● WHAT YOU SHOULD DO
Return each record verbatim, images excluded.

● DATA LISTING
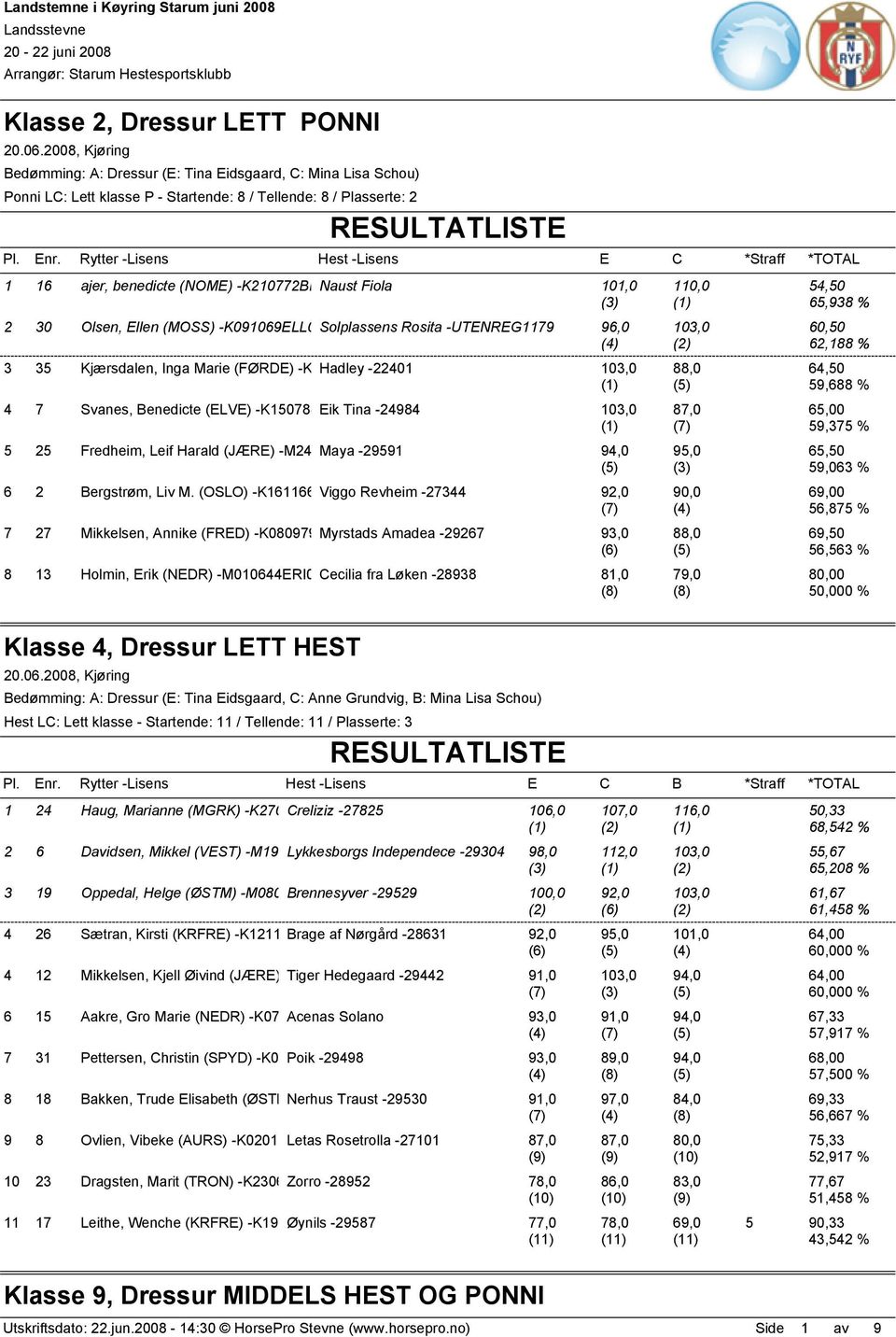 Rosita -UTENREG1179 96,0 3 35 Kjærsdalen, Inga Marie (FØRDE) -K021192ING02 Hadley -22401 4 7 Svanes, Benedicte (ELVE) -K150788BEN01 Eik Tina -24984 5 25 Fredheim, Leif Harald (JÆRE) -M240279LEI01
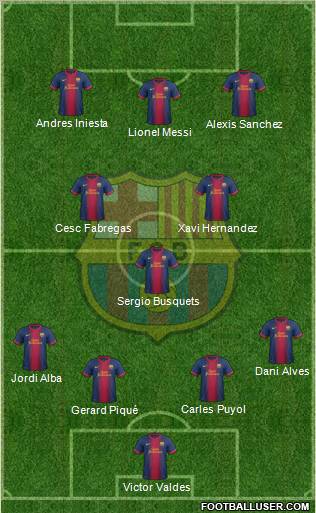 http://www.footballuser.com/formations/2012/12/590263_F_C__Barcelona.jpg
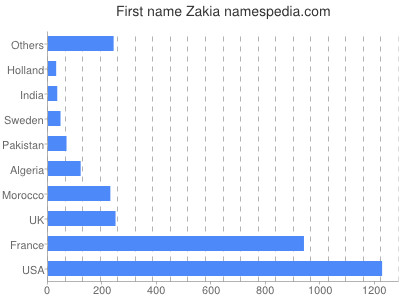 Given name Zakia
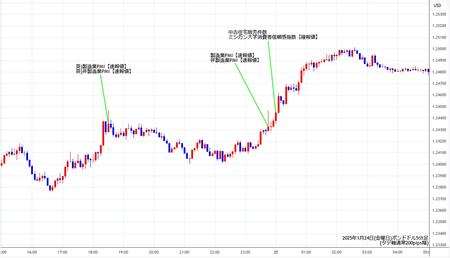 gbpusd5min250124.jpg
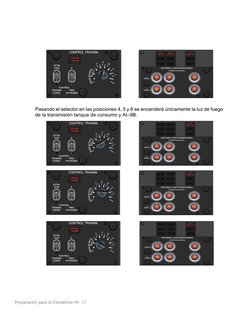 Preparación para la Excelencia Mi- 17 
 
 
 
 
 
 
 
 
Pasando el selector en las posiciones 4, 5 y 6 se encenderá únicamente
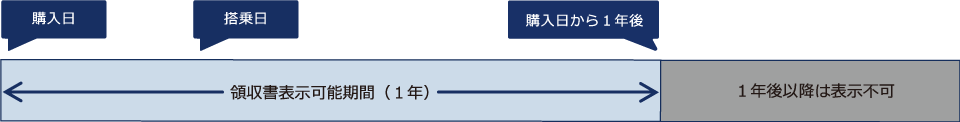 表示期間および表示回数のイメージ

● RESULT
 Rosita -UTENREG1179 96,0 3 35 Kjærsdalen, Inga Marie (FØRDE) -K021192ING02 Hadley -22401 4 7 Svanes, Benedicte (ELVE) -K150788BEN01 Eik Tina -24984 5 25 Fredheim, Leif Harald (JÆRE) -M240279LEI01
 http://www.footballuser.com/formations/2012/12/590263_F_C__Barcelona.jpg
 Given name Zakia
 gbpusd5min250124.jpg
 Preparación para la Excelencia Mi- 17 
 
 
 
 
 
 
 
 
Pasando el selector en las posiciones 4, 5 y 6 se encenderá únicamente
 表示期間および表示回数のイメージ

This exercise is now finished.